De prijs: an accident waiting to happen
Als je even googelt naar de EU-statistieken en het Europese innovatiescorebord zal je zien dat onze regio, Nederland en België, wat achterop hinkt als het op innovatie aankomt. Weliswaar wordt daar de keiharde innovatie gemeten door middel van patenten, R&D-budget, academische publicaties en export van hoog-technologie. Is natuurlijk een beetje een ‘enge definitie’ van innovatie.
Niet getreurd
Desondanks de EU-statistiek gaan bedrijven in België en Nederland steeds meer op zoek naar ‘onderscheidende factoren’. Vooral kwaliteit en service worden aangeduid als een terrein waar men het verschil wil maken. Sommigen hebben de focus versmald op een bepaalde doelgroep, anderen willen dan weer de brede markt met een beperkt aanbod bereiken. Slechts weinigen (schattingen rond ca. 10%) kiezen in deze tijden nog voor kostenleiderschap. Het is overduidelijk dat de meerderheid niet in de prijsval wil trappen en wil vermijden dat de verkoopprijs het enige en unieke verkoopargument moet worden. Wetende dat er op die tram toch niet zoveel zitjes zijn : er kan er immers maar één de goedkoopste zijn.

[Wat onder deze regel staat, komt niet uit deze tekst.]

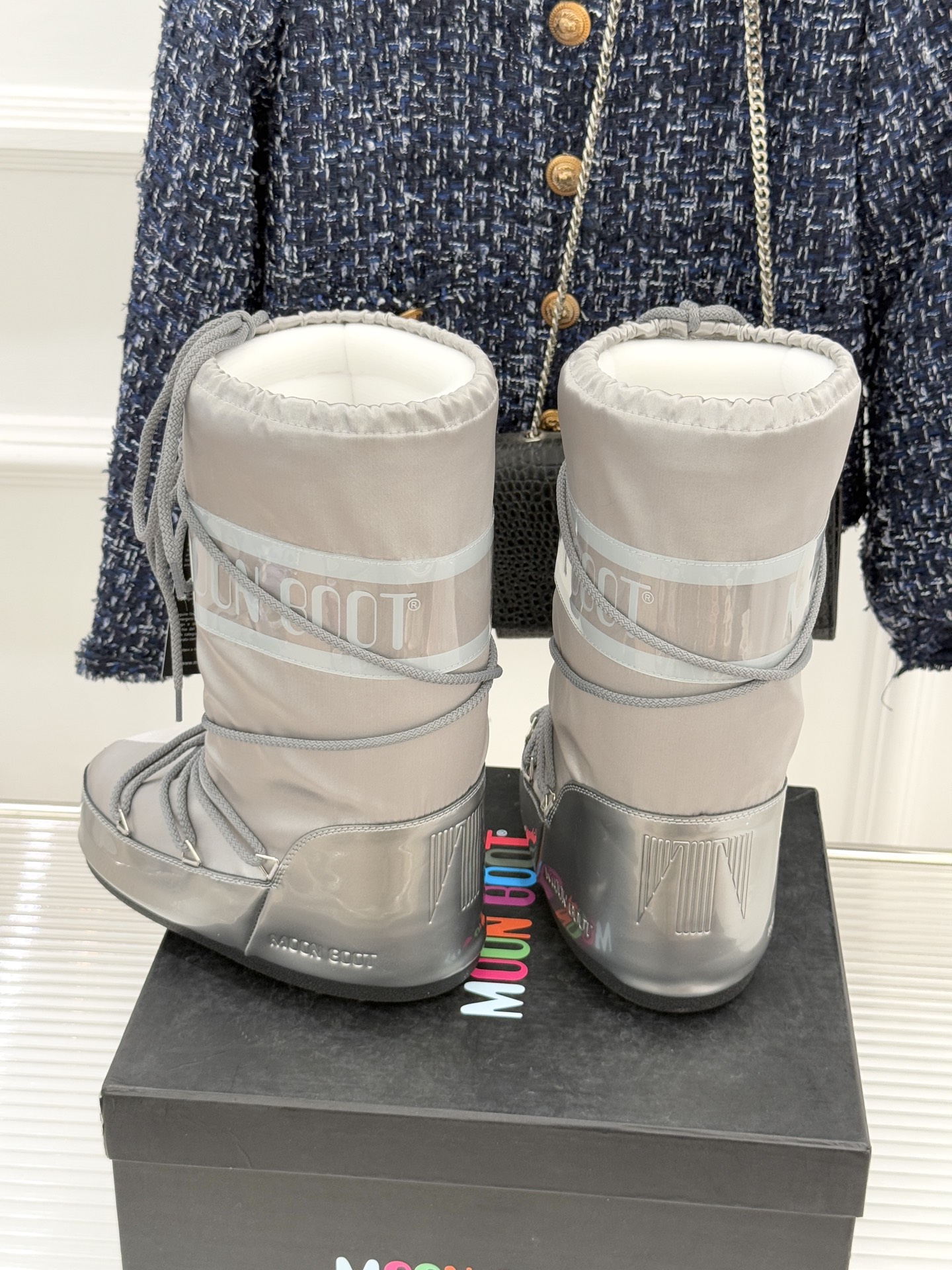 Moon Boot经典爆款滑雪月亮靴雪地靴系列当凛冽寒风裹着碎雪漫过雪原当滑雪道的弧线在纯白天地间延展月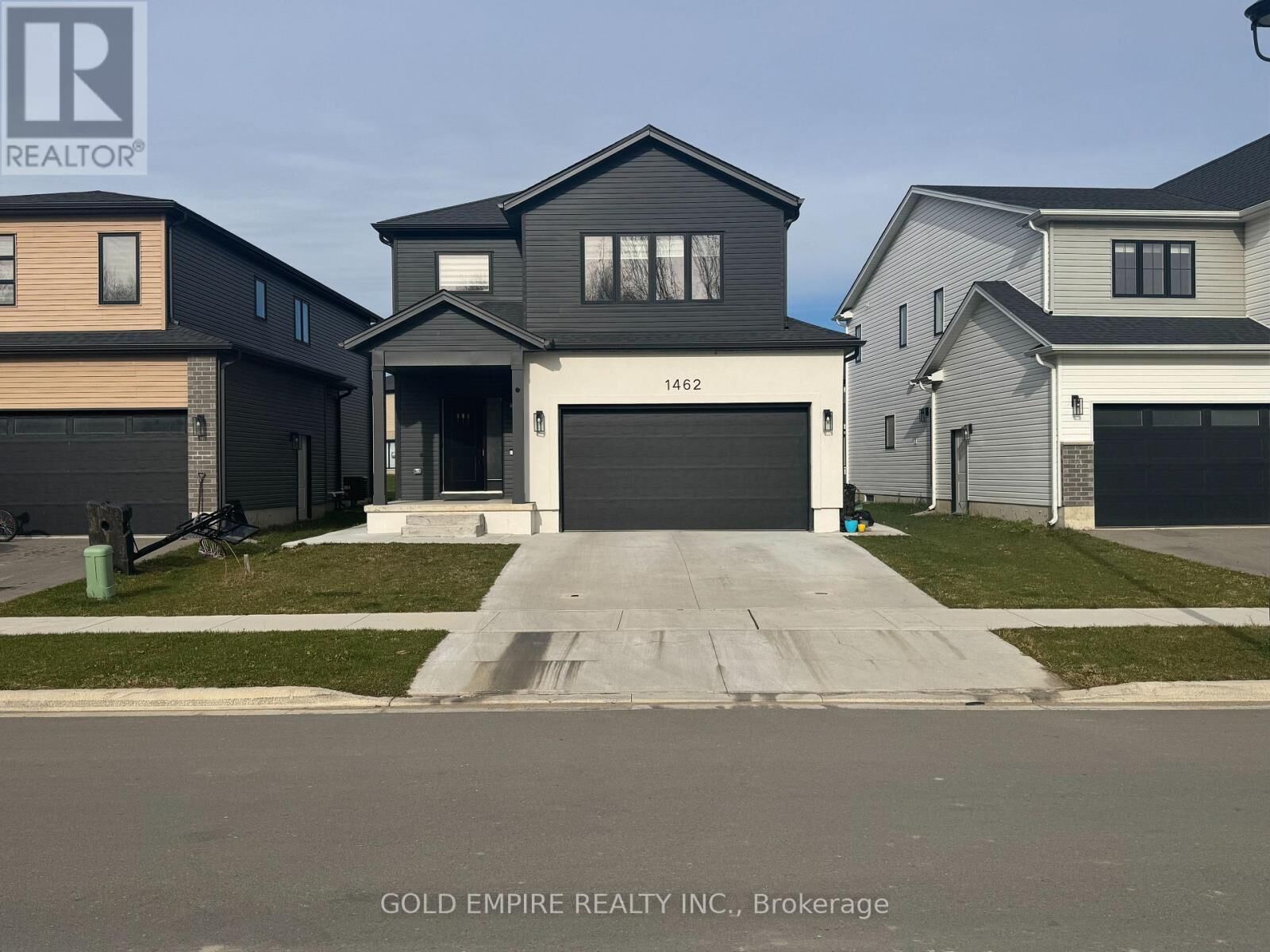 Property Photo:  1462 Twilite Boulevard Lower  ON N6G 3R5 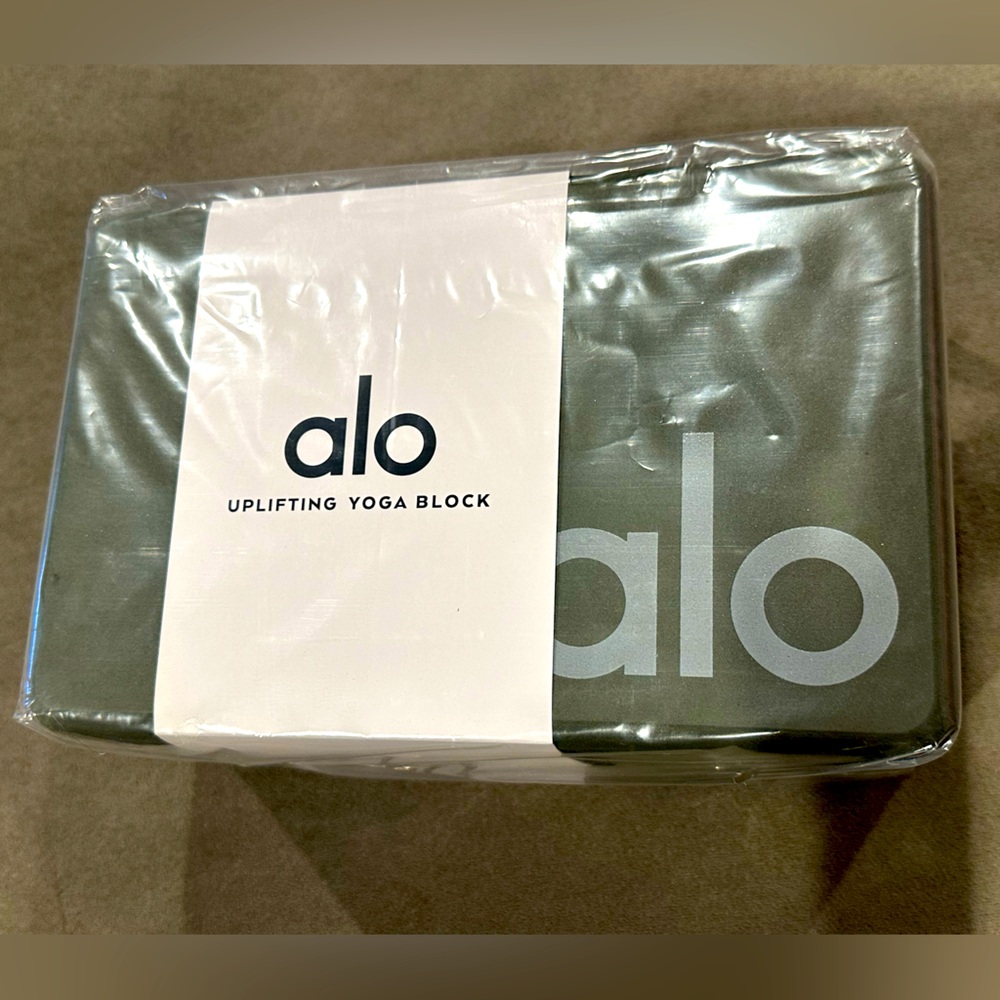 Alo Yoga Block in Olive Green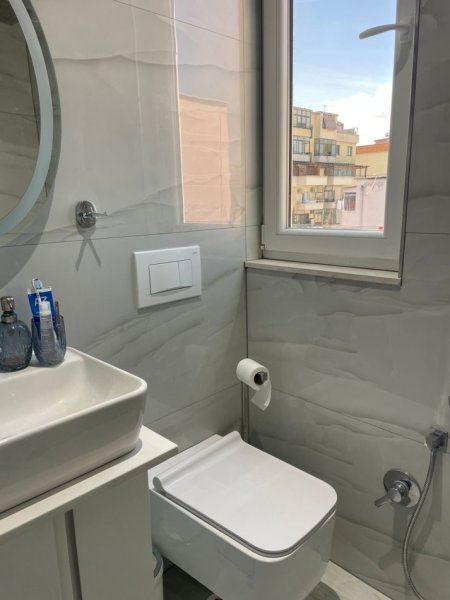 Tirane, jepet me qera apartament 1+1 Kati 5, 50 m² 
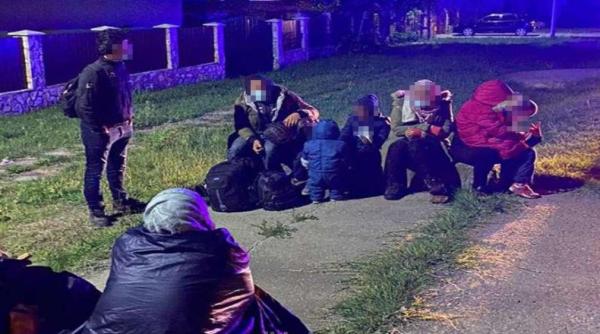 Șase adulți și cinci copii au încercat să treacă, ilegal, Dunărea, cu o ambarcațiune gonflabilă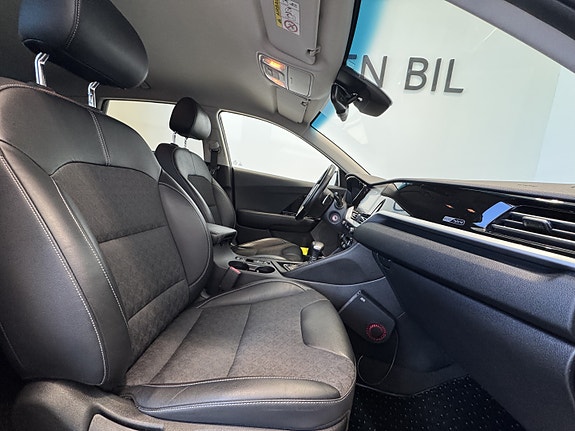 Kia Niro 14 of 30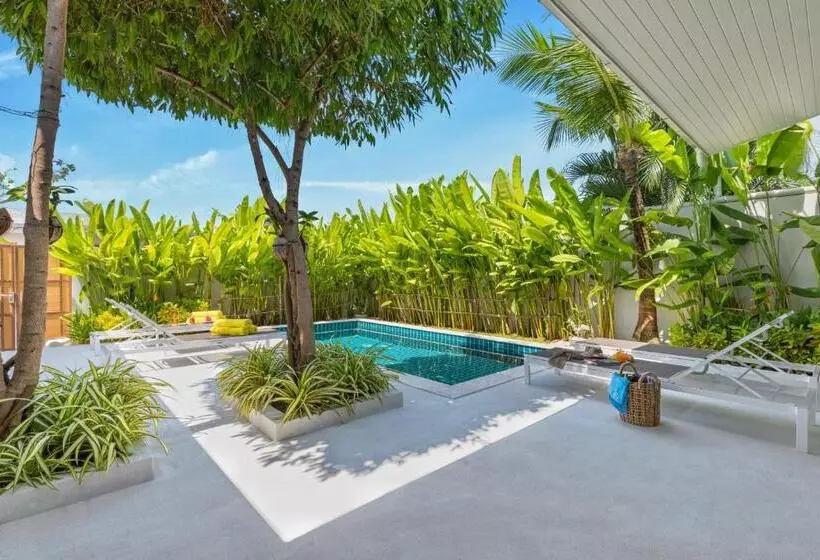 Villa White Orchid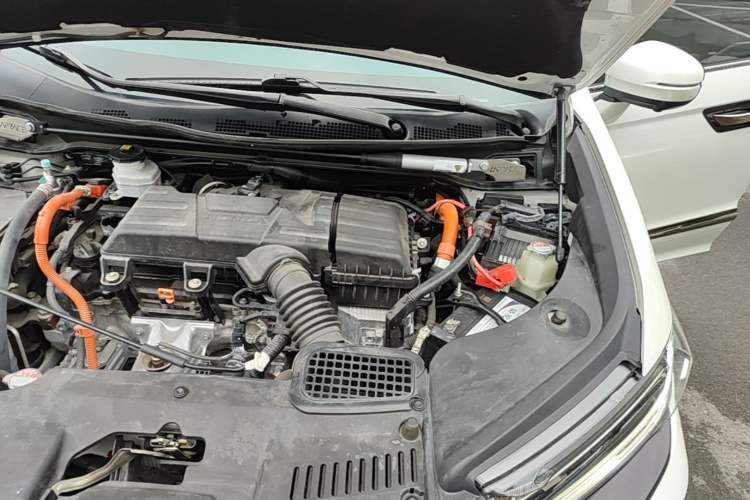 Used Honda Elysion 2022 2.0L eHEV Luxury First Edition Engine Bay Left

Wat valt ook op : opmerkelijk veel interesse in de bedrijfswereld voor het vernieuwen van het businessmodel op zich. Dit in tegenstelling tot de aandacht voor fusies en overnames : deze zijn bijna helemaal uit het gezichtsveld verdwenen. Waarschijnlijk is het zoeken naar een nieuw businessmodel voor velen een uitgelezen strategie om te ontkomen aan verstikkende prijsconcurrentie. De bedoelde innovatie gaat in dit geval niet zelden samen met het op de markt brengen van product-dienstcombinaties, nieuwe services, experiences of zelfs hele ecosystemen. Bij een overname haal je je dikwijls gewoonweg de marge-misérie van een ander op de hals.
Willen of kunnen?
Natuurlijk, je kan de prijsval wel willen vermijden, … daarom is dat nog niet het geval. Jij beslist daar immers niet alleen over gezien de markt ook recht van spreken heeft. Aan de andere kant : het is niet omdat jij kwaliteit levert, dat daarom per definitie jouw kwaliteit wordt vergoed. De ‘prijs’, dus eventjes niet verwarren met de ‘kost’, is door de band een soort zaagtand : steeds startend op een ingezette positie, en van dan af dalend. Dit is eigen aan de product-life-cycle. De richting is altijd dezelfde : je start op een gekozen punt, en van dan af glijd je af. Deze redenering gaat uiteraard enkel op voor die producten waarbij de verkoopprijs al niet helemaal, enkel en alleen, wordt bepaald wordt door de marktprijs van de grondstoffen. Dan is er alleen nog commodity en ‘red ocean’.
Unevitable surprises
Had je al even stilgestaan bij die product-life-cycle? Het ‘prijsgevecht’ is een accident waiting to happen. Een voorspelde verrassing. Het is een beetje zoals het leven : je weet wel dat de dag die voorbij is er eentje is die je leven korter heeft gemaakt. Maar je hoeft daar niet steeds aan herinnerd te worden. Zo worden we ook niet graag herinnerd aan de voorbijgaande aard van een verdedigbare verkoopprijs : dat is evenmin een aangename gedachte. Vanaf de geboorte van het product start de opdracht om je verkoopprijs, lees : je marge, op peil te houden. In het overgrote deel van de gevallen gaat dit simpelweg niet. Een mens wordt ouder, een prijs wordt lager, een marge wordt gedrukt. Je enige alternatief is de conceptie van iets nieuws : een verbetering aan je bestaande product, een verfijning of een verrijking, of een nieuw product of nieuwe dienst. Een nieuwe zaagtand dient zich aan. Gelukkig maar …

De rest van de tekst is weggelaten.